To return to Frank Gehry’s statement that the character of a civilization (or, in this situation a religious group) is displayed in its structures, we can tell whether the Ogden and Provo temples represented a worldview shift in the Latter-day Saint conception of the temple from a “sacred abode” to a “sacred machine” by observing the history and architecture of other temples built by the Church of Jesus Christ of Latter-day Saints. In this light, the twin space-age temples of Utah do not represent a new ideology within the Latter-day Saint community, but rather one part of a series of innovations to meet the needs that traditional Latter-day Saint theology created. Thus, while architectural preservationists have reason to be upset about the loss of the old Ogden and Provo temples, it is not for the specific reason that Steve Cornell and Kirk Huffaker gave. It’s more accurate to state it along the lines of what David Amott wrote: “The Provo Temple created a prototype for all temples that came after it (in the LDS Church’s effort to take the temple experience to the four corners of the world), and for that reason alone it deserves to stand.” Even with that being the case, however, the key innovation of six endowment rooms in an ellipse remains intact, since, as was noted when the renovations were underway for the Ogden Temple years ago: “When the decision was made by the First Presidency to do the renovation, there was obvious respect for [President David O.] McKay and other considered, and it is being built on the footprint of the first temple.”
 Steve Cornell and Kirk Huffaker, “LDS Should Preserve Utah’s Space Age Temples,” Salt Lake Tribune 2 April 2010. Web. 28 Oct 2012.
 Gregory A. Prince and Wm. Robert Wright, David O. McKay and the Rise of Modern Mormonism (Salt Lake City: University of Utah Press, 2005), 270.
 Prince and Wright, David O. McKay, 270.
 Doyle L. Green, “Two Temples to Be Dedicated,” Ensign January 1972.
 Prince and Wright, David O. McKay, 271.
 “Account of Meeting and Discourse, circa 2 February 1841,” p. , The Joseph Smith Papers, accessed January 16, 2022, https://www.josephsmithpapers.org/paper-summary/account-of-meeting-and-discourse-circa-2-february-1841/1
 John Taylor, “Discourse by President John Taylor, November 14, 1877.” Journal of Discourses.
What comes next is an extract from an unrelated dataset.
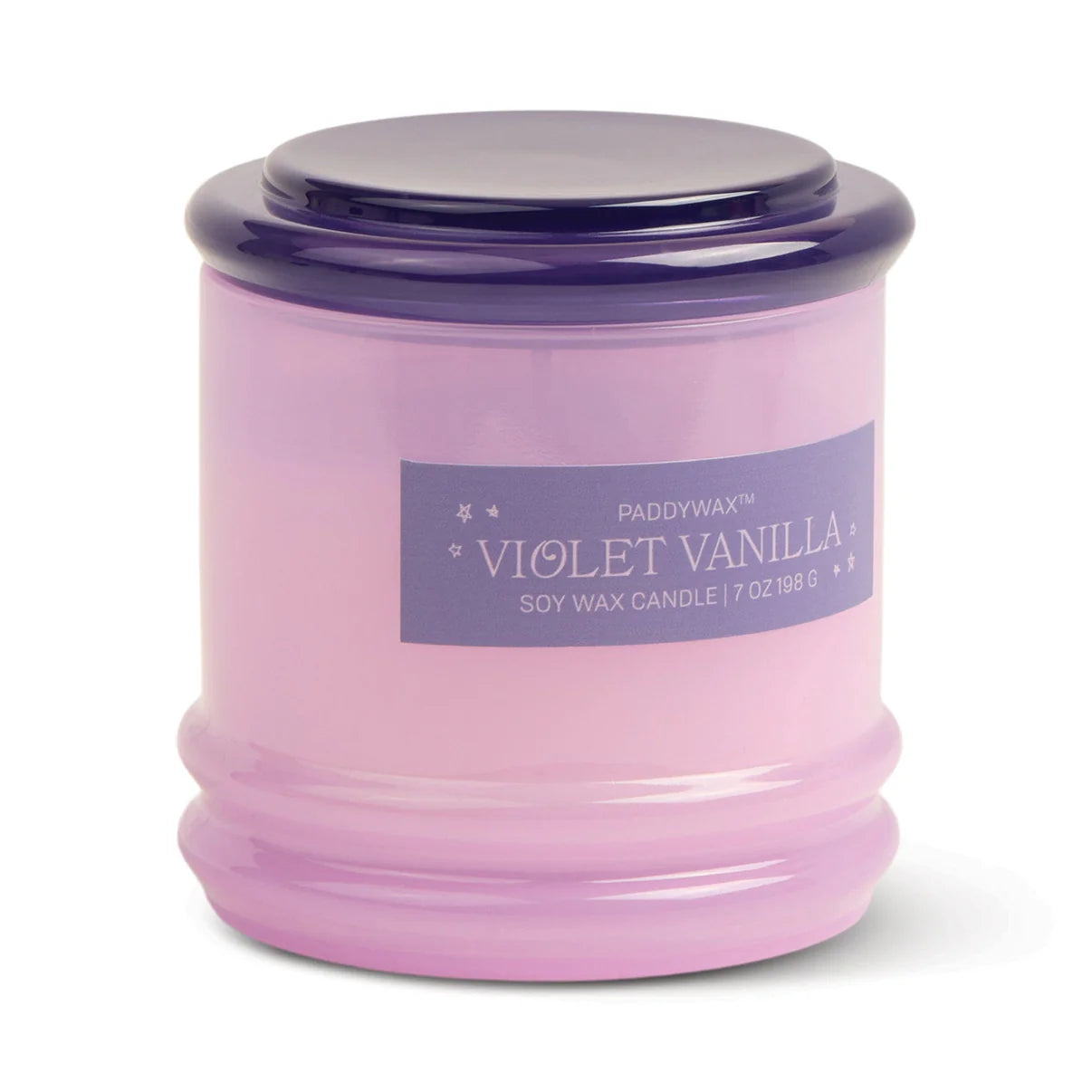 Chandelle Stack Violet Vanilla 198g/7oz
Ed. George D. Watt, et al. 26 vol. (Liverpool: F. D. Richards, et al., 1854-1886), 19:155-156.
 David John Buerger, “The Development of the Mormon Temple Endowment Ceremony,” Dialogue: A Journal of Mormon Thought 20 (Winter 1987): 57.
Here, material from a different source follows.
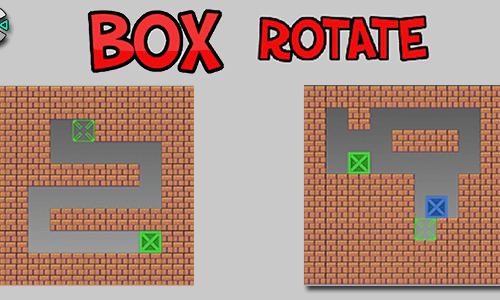 Box Rotate - HTML5 Mobile Game by 013games | CodeCanyon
 Thomas G. Alexander, Mormonism in Transition (Urbana and Chicago: University of Illinois Press, 1986), 299-300.
 Prince and Wright 269-270.
 Richard Lyman Bushman, Joseph Smith: Rough Stone Rolling, Vintage Books edition (New York City: Vintage Books, 2007), 308-19.
 John A. Widtsoe, “Temple Worship.” The Utah Genealogical and Historical Magazine. Vol. XII, 1921: 55-56.
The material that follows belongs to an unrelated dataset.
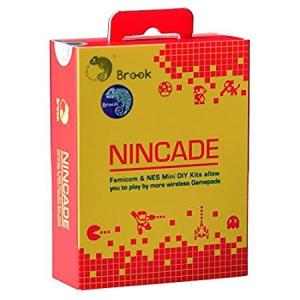 Mcbazel Brook NINCADE DIY Kit for NES Classic Edition Mini Family Computer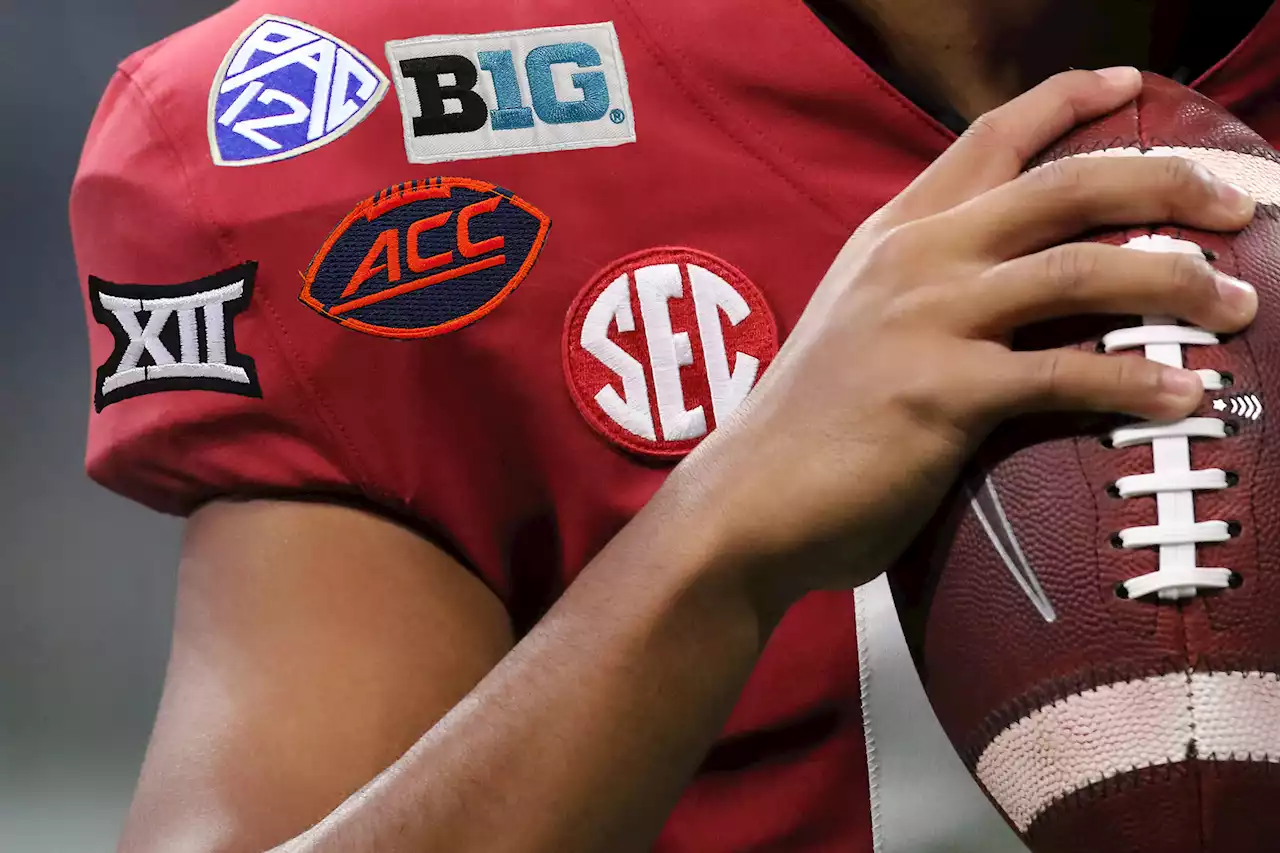 Let's make one big college football super conference of evil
 Richard O. Cowan, Temples to Dot the Earth (Salt Lake City: Bookcraft, 1989), 82-83, 138-139.
 Paul L. Anderson, “A Jewel in the Gardens of Paradise: The Art and Architecture of the Hawaii Temple.” BYU Studies 39, no. 4 (2000): 186.
 Cowan, 172-173.
 Cited in Peggy Fletcher Stack and Scott D. Pierce, “Goodbye, Space Age design. Now we know what the Provo Temple will look like,” Salt Lake Tribune, 24 November 2021, https://www.sltrib.com/news/2021/11/24/goodbye-space-age-design/
 Tom Christensen, “Ogden LDS Temple to reopen this year,” Standard Examiner, Jan 30, 2014. Online, accessed 26 April 2014: http://www.standard.net/stories/2014/01/29/ogden-lds-temple-reopen-year
I enjoyed your post and the historical review of the history of the temples. In the effort to make the endowment more available to the membership via building design and the use of film and video, have we lost something. I have many times gotten things from a live session that I have not gotten from a video session. I am not alone in that view. The design choices made in the design and construction of the temples do reflect the times in which they were built. Personally I like the like the old Ogden better than the new one. the same goes for the old Provo temple.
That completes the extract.